Je me félicite de ce que mon excellente amie, Mme Tevdoradze, ne se montre pas trop critique ici, à Strasbourg; elle a généralement plus de «mordant» lorsqu’elle se trouve sur la scène géorgienne! Nous devrions passer un peu plus de temps ensemble, ici même. En tout cas, si vous vouliez bien la maintenir en poste à Strasbourg, ce serait également un atout pour la Géorgie!

M. AKHVLEDIANI (Géorgie) (traduction)

Je voudrais tout d’abord vous féliciter, Monsieur le Président, de votre victoire aux élections, qui est aussi une victoire pour toute la Géorgie. Le fait que vous rendiez visite au Conseil de l’Europe immédiatement après votre confirmation officielle est plus que symbolique. Je souhaite donc également vous demander quel type de soutien peut, selon vous, nous apporter le Conseil de l’Europe afin de résoudre la question de l’intégrité territoriale de la Géorgie et de la démocratisation de nos régions.

M. Saakashvili, Président de la Géorgie (traduction)

En fait, le Conseil de l’Europe peut jouer un rôle encore plus important en matière de règlement des conflits, car c’est l’une des organisations majeures pour la défense de la démocratie en Europe. Ce qui peut nous aider à régler nos problèmes, ce serait une participation plus importante du peuple géorgien aux décisions, y compris dans les territoires contrôlés par les séparatistes. A la veille de l’élection présidentielle, je me suis rendu en Ossétie du Sud, petit territoire contrôlé à 60 % par le gouvernement central. Il y a, dans ce territoire, une petite ville de 15 ou 20 000 habitants du nom de Tskhinvali, qui n’est toujours pas sous le contrôle des autorités centrales et qui s’est doté d’un gouvernement local autoproclamé.

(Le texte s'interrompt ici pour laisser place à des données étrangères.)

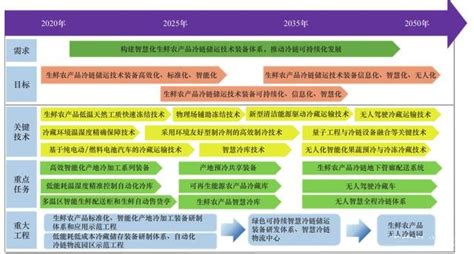 预见2022：《2022年中国制冷、空调设备行业全景图谱》(附市场规模、竞争格局和发展趋势等)_行业研究报告 - 前瞻网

Je suis descendu de ma voiture, et j’ai rencontré la population de ce secteur. Je ne m’attendais pas à un accueil aussi affectueux et aussi chaleureux de sa part, ni à un soutien aussi large. Oui, ces gens ont été accueillants et coopératifs. Mais la seule réaction de l’administration locale a été de demander à sa police la protection immédiate des bâtiments du pouvoir local, comme si je m’apprêtais à en faire l’assaut et à procéder à l’arrestation des «dirigeants» en question. Ce que m’a appris cette expérience, c’est que, si la population avait son mot à dire – à noter que j’ai rencontré les habitants de cette petite ville dans les bas quartiers, qui sont un lieu de rassemblement –, il n’y aurait aucun problème au niveau le plus officiel, ou même au niveau local. Le problème de cette région serait réglé du jour au lendemain.

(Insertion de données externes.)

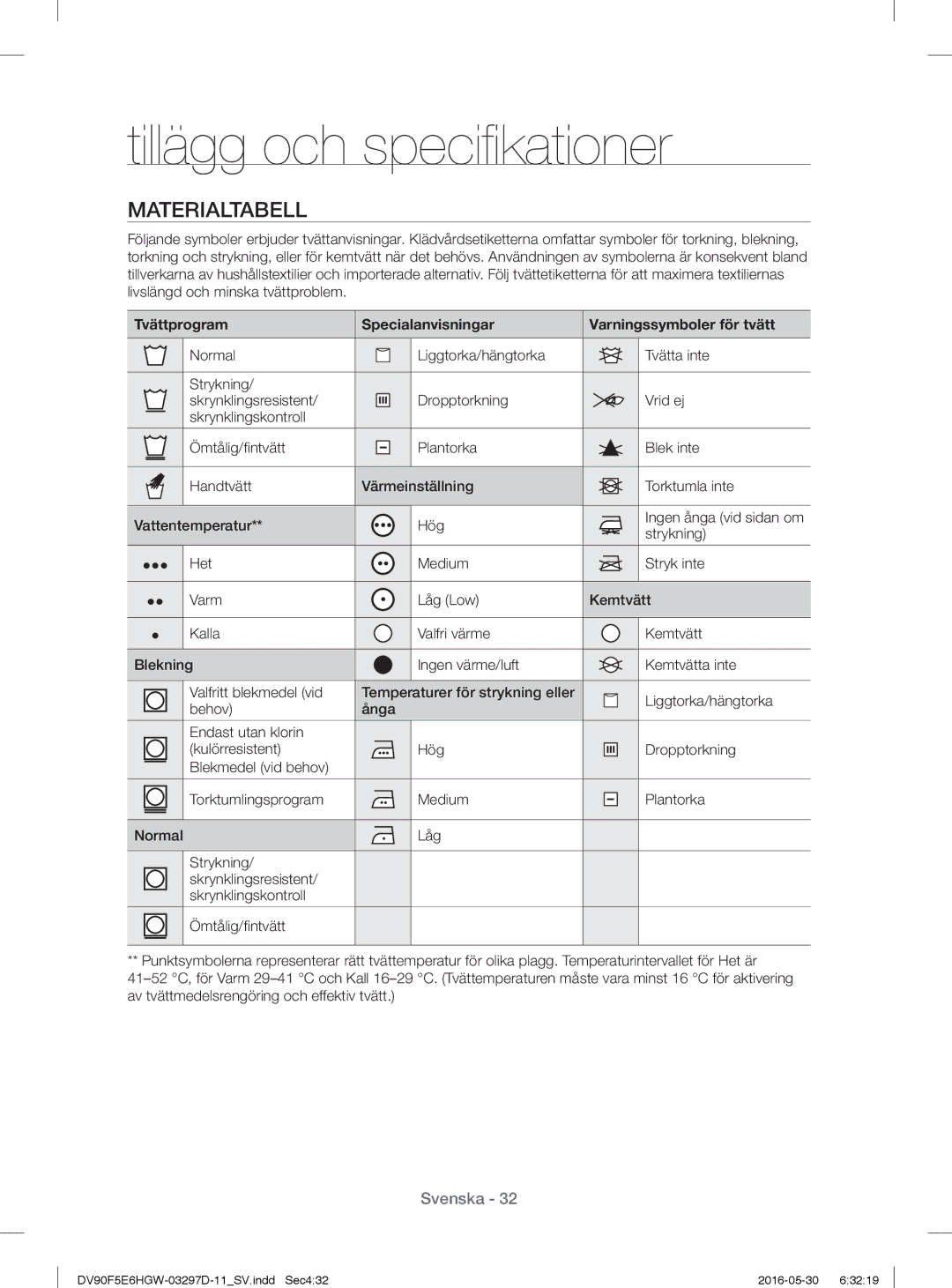 Samsung DV90F5E6HGW/EE, DV70F5E0HGW/EE, DV80F5E4HGW/EE, DV80F5EMHGW/EE manual Tillägg och speciﬁ kationer, Materialtabell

Ce que doit faire le Conseil de l’Europe, c’est tenter d’éliminer la mentalité d’assiégés que possèdent certains, comme s’ils étaient menacés de toutes parts et que tout visiteur de la région voulait les arrêter et les tuer. C’est précisément pour cette raison que l’engagement des ONG et la participation de tous les Géorgiens aux processus décisionnels ont l’importance que je vous ai dite. Le seul élément qui fasse perdurer ces conflits, ce sont les mythes créés de toutes pièces par des gens qui ont un intérêt économique à voir ces régions basculer dans le séparatisme, ou qui poursuivent une sorte de rêve personnel ou de vision obscure, ou encore qui peuvent même être les représentants d’intérêts étrangers. Sans ce faisceau d’éléments, et en instaurant une véritable participation du peuple au processus politique, les problèmes disparaîtraient. Il y a là, pour le Conseil de l’Europe, un champ d’action très important.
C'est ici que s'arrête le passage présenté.